The 0 or 1 based debate is one of the most boring and pedantic arguments one can have and I do my best to ridicule people when they try to start it.


This is not meant to be tongue-in-cheek - I thought this argument was settled ages ago. Are there any respected languages that use 1 based indexing? This is an honest question - every single one I've ever used (C, C++, Java, Scala, Python, JS, Objective-C, a bunch of academic ones) have been zero based. It's quite clear that it's the right solution, since the first element of an array is zero distance away from the beginning of the array.

It shouldn't. One-based indexing is what all the research uses, so it is undeniably the better choice for Julia. But zero-based indexing isn't just a memory trick, it makes lots of math easier when you're concatenating ranges or slicing arrays or doing modular arithmetic anywhere near an array.

Actually, it is quite easy to implement 0 based indices or any other indexing scheme in julia, since all the array indexing code is implemented in julia itself.

https://github.com/JuliaLang/julia/blob/master/j/array.j#L15...

I personally would find multiple indexing schemes confusing both for usage as well as to develop and maintain. Given that 1 based indexing seems to be a popular choice among many similar languages, we just went ahead with that.


Complaining about 1-based indexing in Julia is so... 4 years old! Just use OffsetArrays, and you can use 0 based, or whatever base floats your boat (start underwater with -5, for example!)

Julia actually just includes a dedicated function for this case (mod1), and that covers the vast majority of places where 0 base is easier.

In my cases of numerical code 1 based indexing causes fewer ±1 than 0 based indexing. (Nitpick: In modulo arithmetic 0 = N so having the index run from 1 to N is a ring just as well. The problem is the conventional representation of the equivalence class -N,0,N,2N,3N… in the numbers being 0 (which arises from arithmetics definition of modulo))


Julia supports 0 based indexes if desired, similar to Ada and other languages.

The classic example is getting the last element of an array. With 1-based indexing the length of the array is the index of the last element. It has a nice symmetry to it.

Also I find it elegant that for 1-indexing that the start and end value for slices are both inclusive, instead of the first one being inclusive and the last being exclusive.

Also, isn’t it just weird that the index of an element is one less than it’s “standard” index? Like if I take the first nth elements of a list, it would stand to reason that the nth element should be the last element, right?

The reason for zero indexing is historical, related to pointer offsets. I don’t think anyone chose them to be easier for people. They just made them that way because it maps closer to how contiguous values in arrays are accessed.

Also, with 1-indexing I can multiply numbers by arrays and get reasonable offsets. 3 x 1 is three, so I would get the third element of the list. But with 0-indexing, I have 0 x 3 which gives me the same element, clearly inconsistent.

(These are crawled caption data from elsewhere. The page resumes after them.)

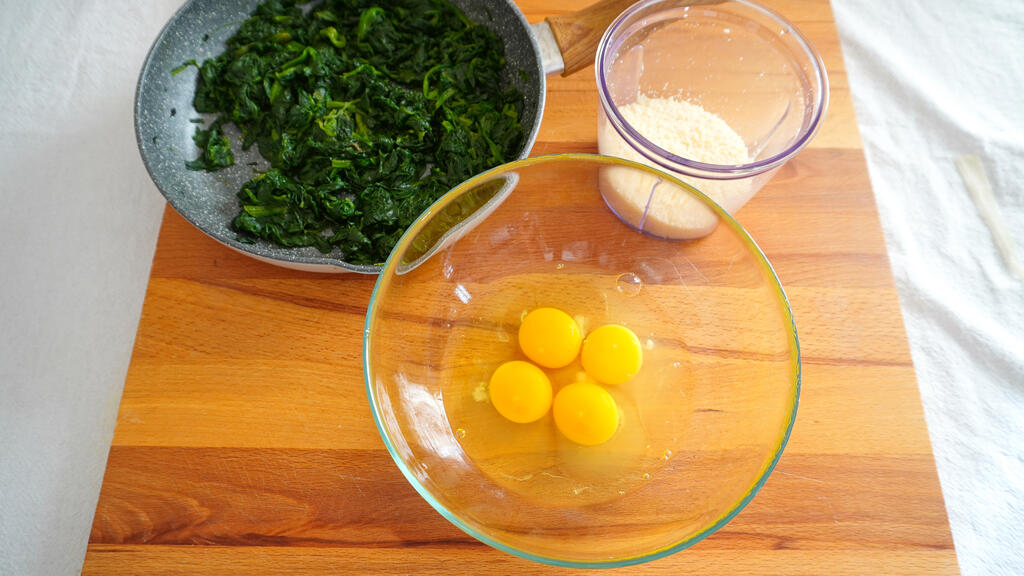 Filo pastry baskets with spinach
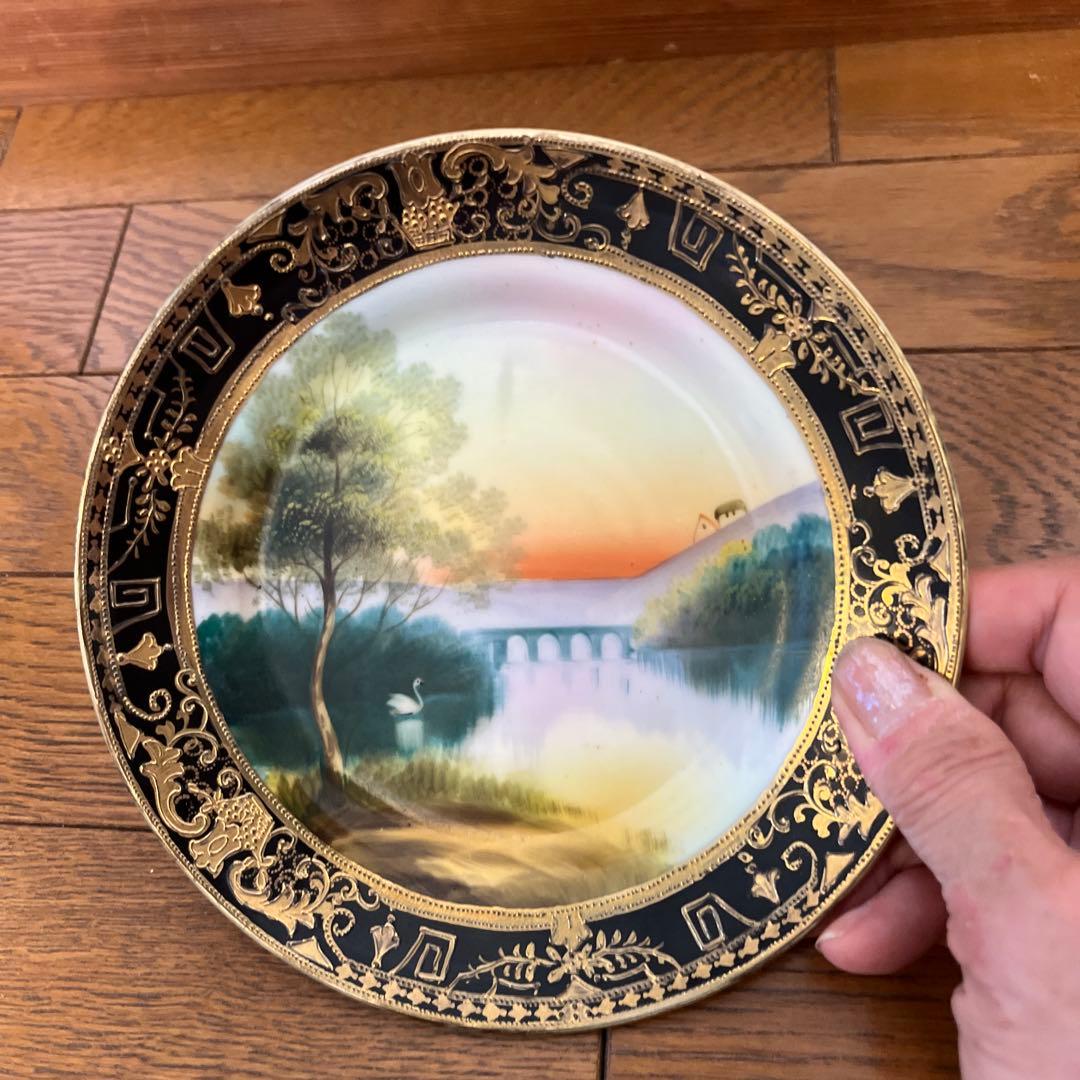 オールドノリタケ代表的な作品金盛りが豪華なプレート　スワン湖畔M NIPPON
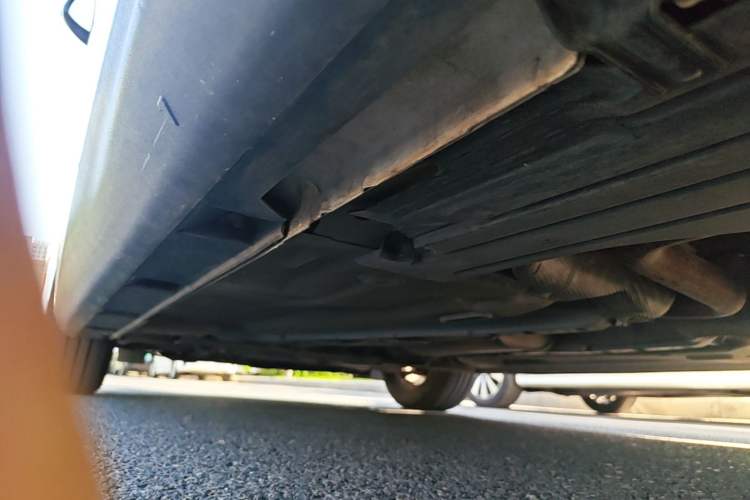 Used Ford Focus 2015 Hatchback 1.6L Automatic Fashion Edition Left Side Sill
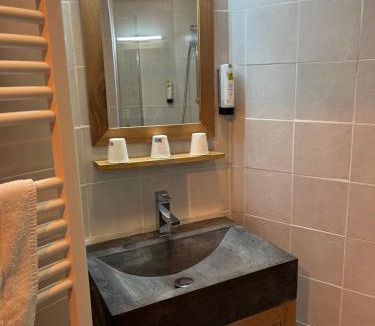 Saint-Maurice-en-Trieves Bed & Breakfast | Logis Le Chalet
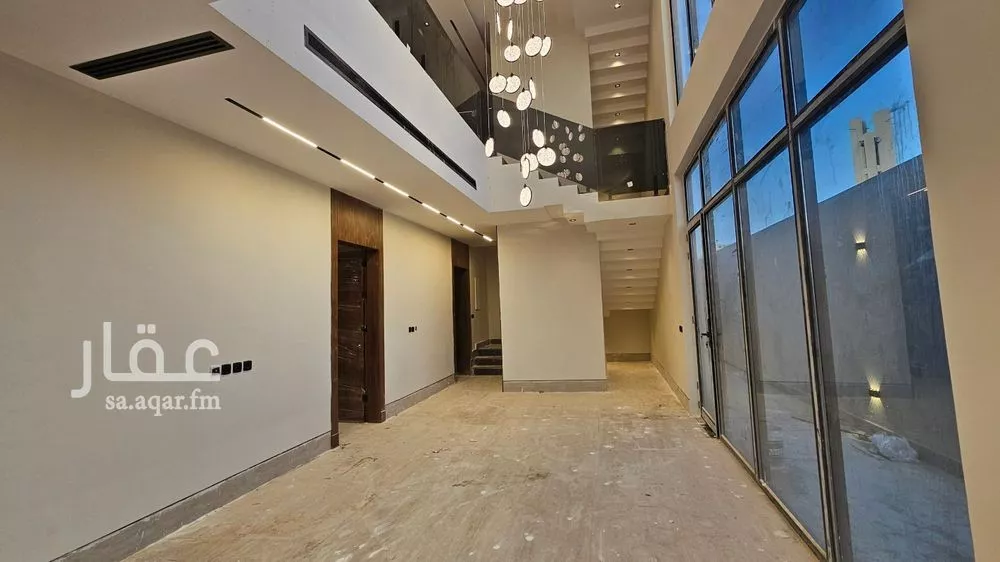5 bedroom villa in Al Aridh 4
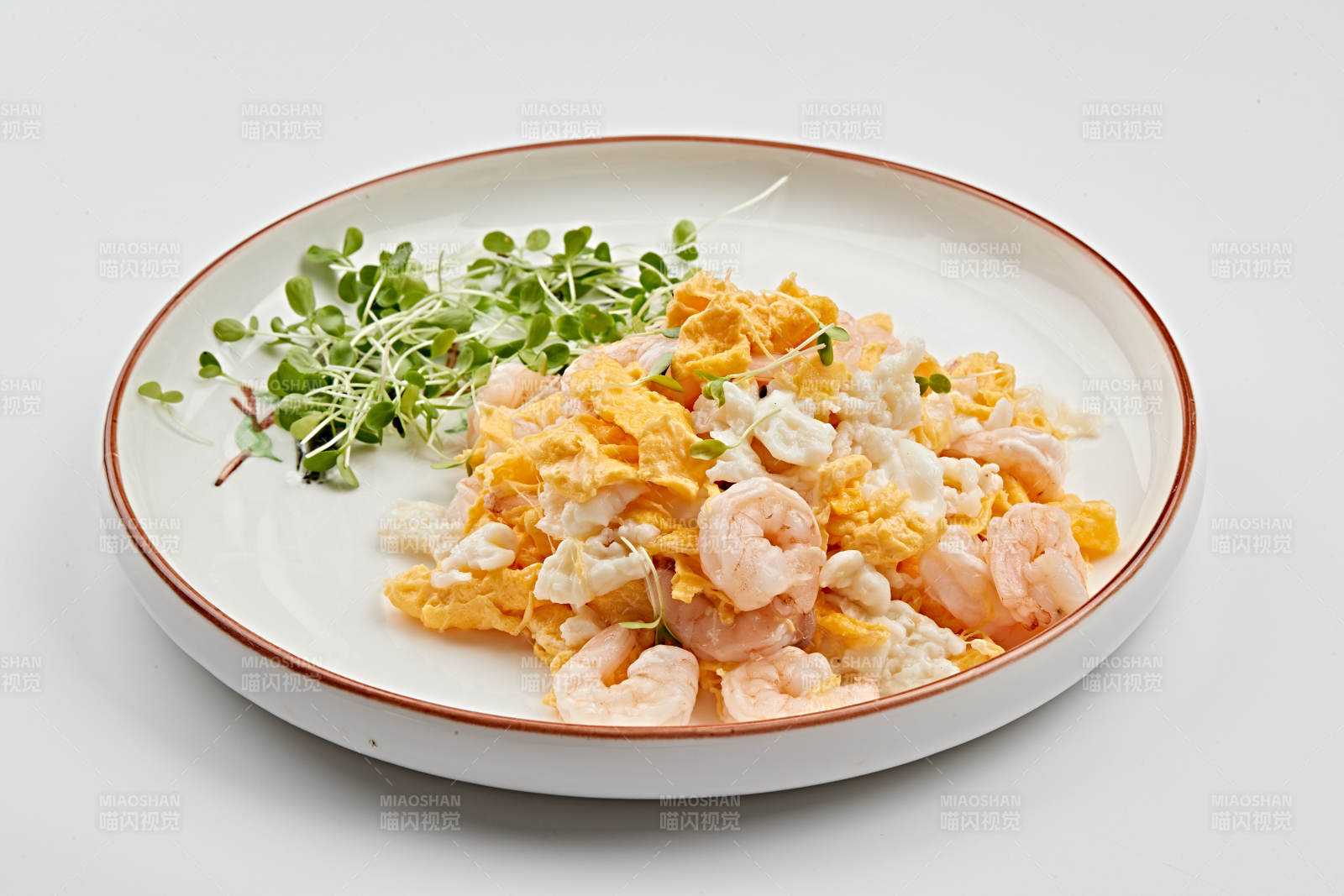 白色瓷盘装的香椿苗虾仁炒泉水蛋图片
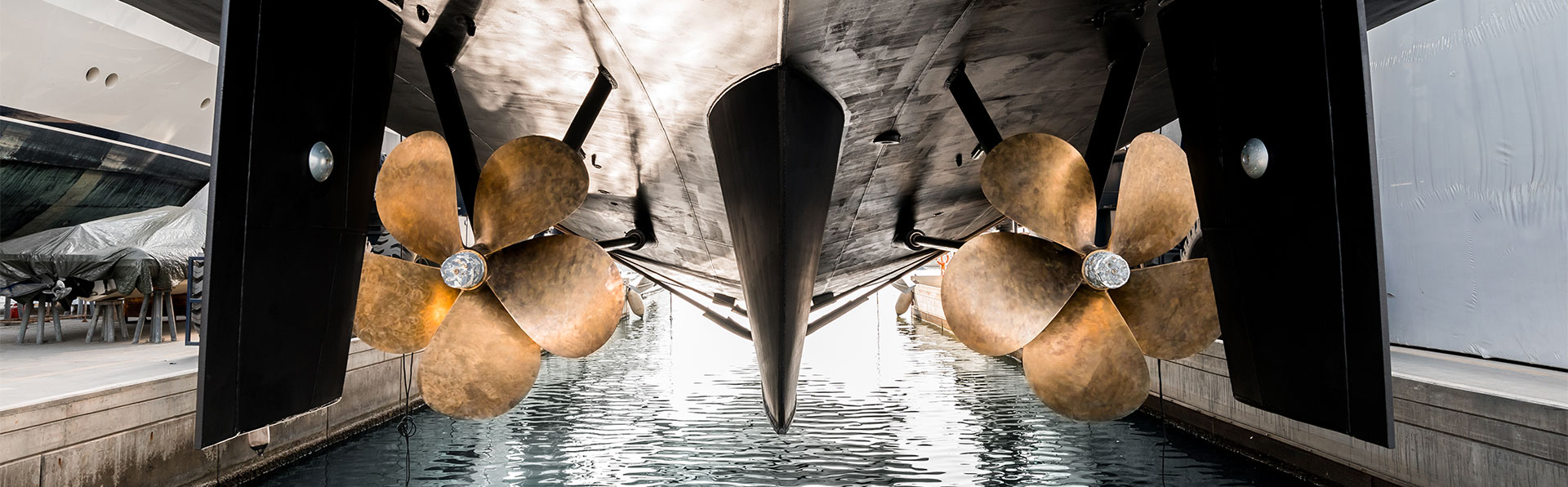 header_surveys_mob Yacht Management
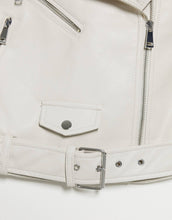 Load image into Gallery viewer, Jakne Stradivarius faux leather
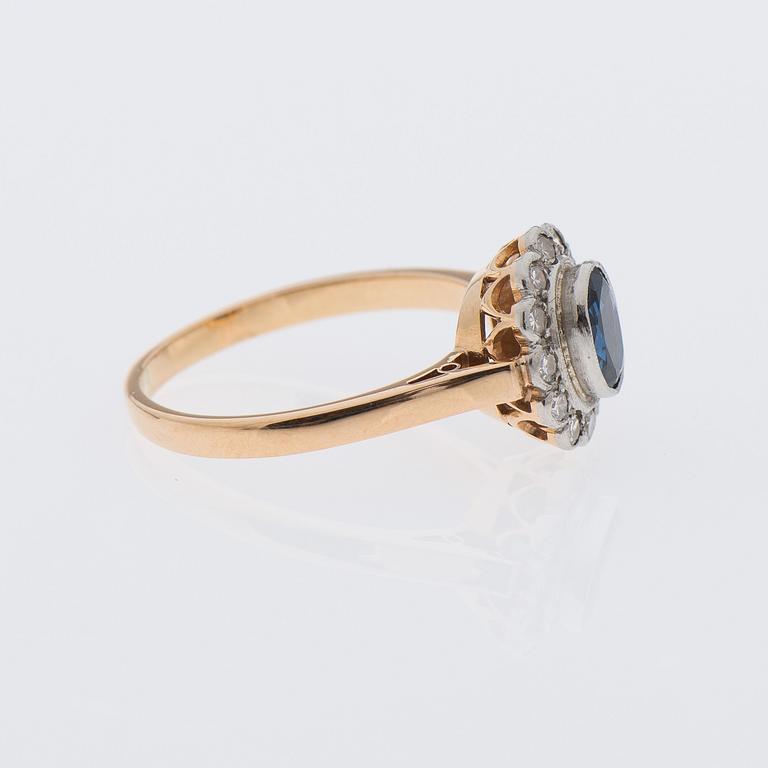 RING, fasettslipad safir, åttkantslipade diamanter, 18K guld.  Westerback, Helsingfors 1973.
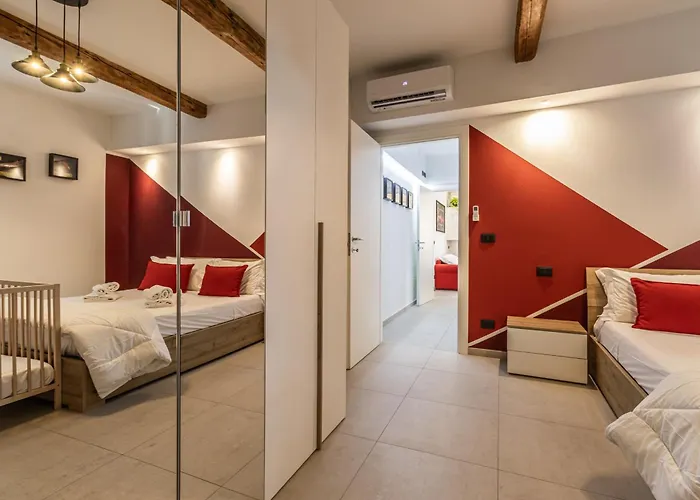 Enzo Ferrari Museum -wifi, Train Station And Parking 公寓 *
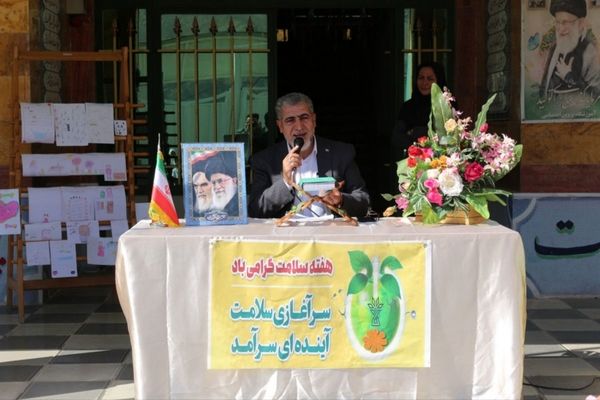 نواختن زنگ هفته سلامت‌روان در دبستان پروین اعتصامی فیروزکوه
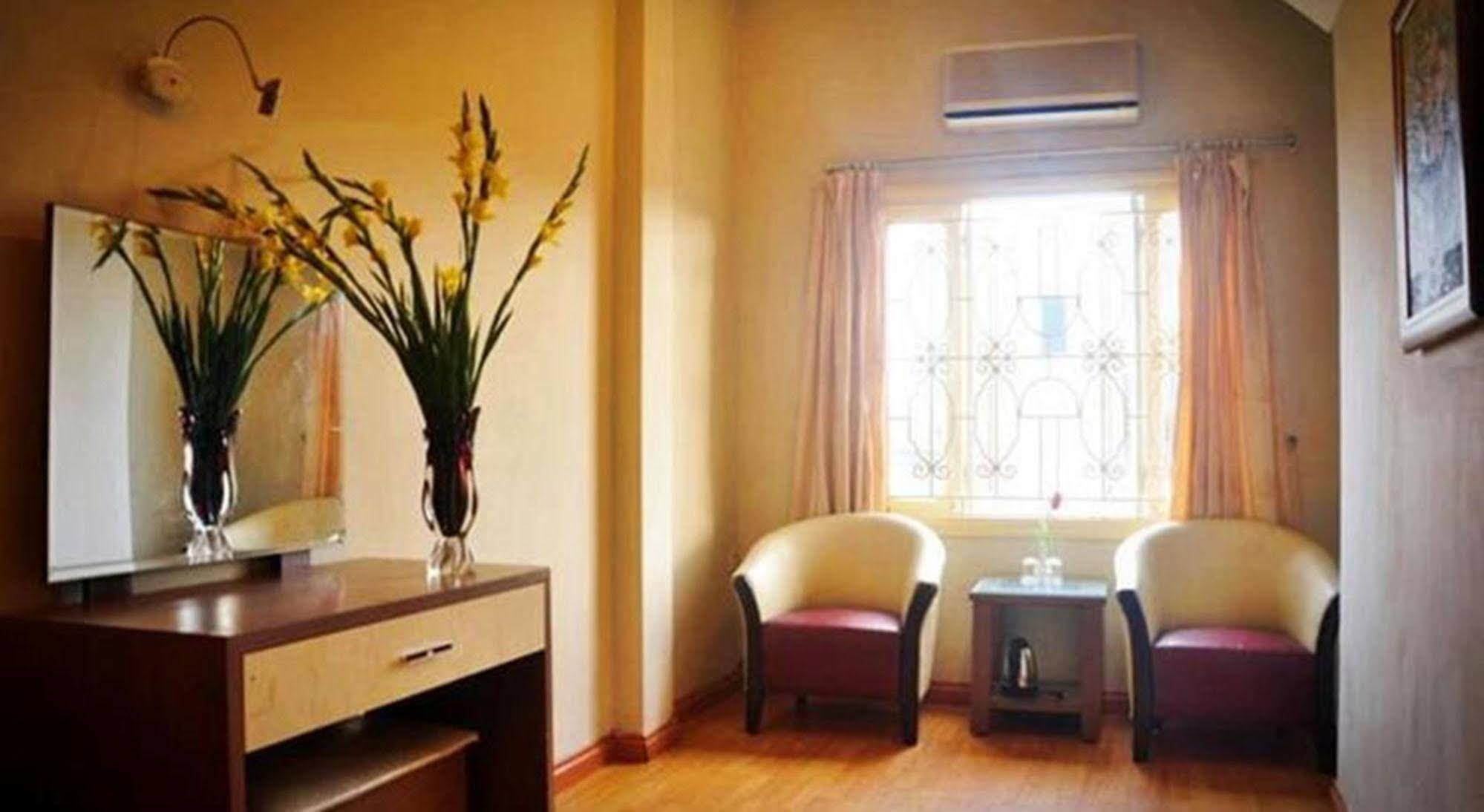 Hanoi Little Center Hotel Ngoại thất bức ảnh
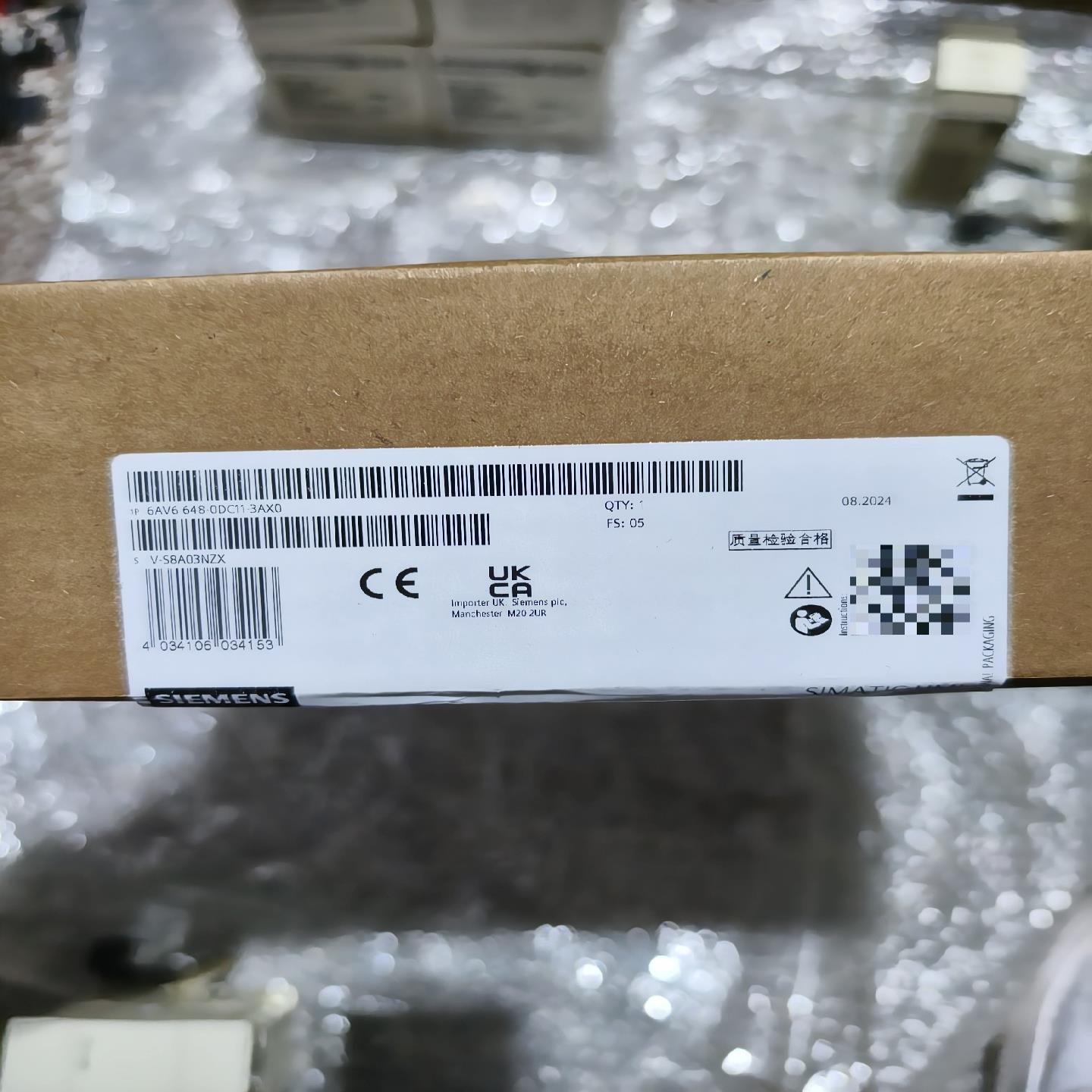 议~触摸屏6AV6 648-0DC11-3AX0，实图拍摄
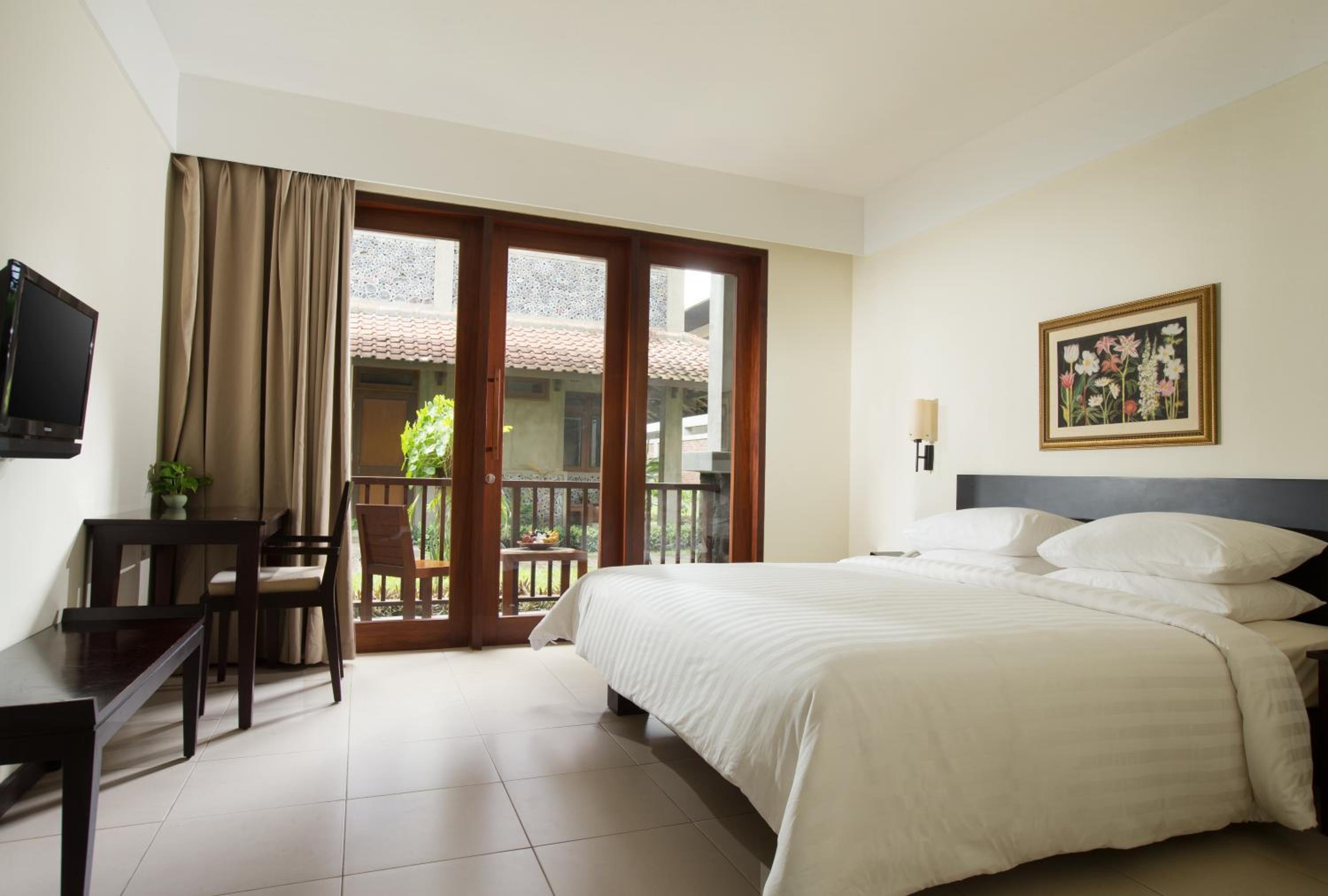 Superior Double or Twin Room photo 1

There are some good reasons for 0-indexing and I have been using it in every language for my entire career. The amount of code I’ve written in Julia is marginal compared to my 0-indexing experience, so I might be missing something.

One nice this about 0-indexing is that I can slice a list in half with the same midpoint. For example a Python array with 10 elements:

fst, snd = arr[0:5], arr[5:10]

A little nicer than:

fst, snd = arr[1:5], arr[6:10]

Though you could have inclusive slices with 0-indexing, but it would be inconvenient and suffer from the same problem as 1-indexing.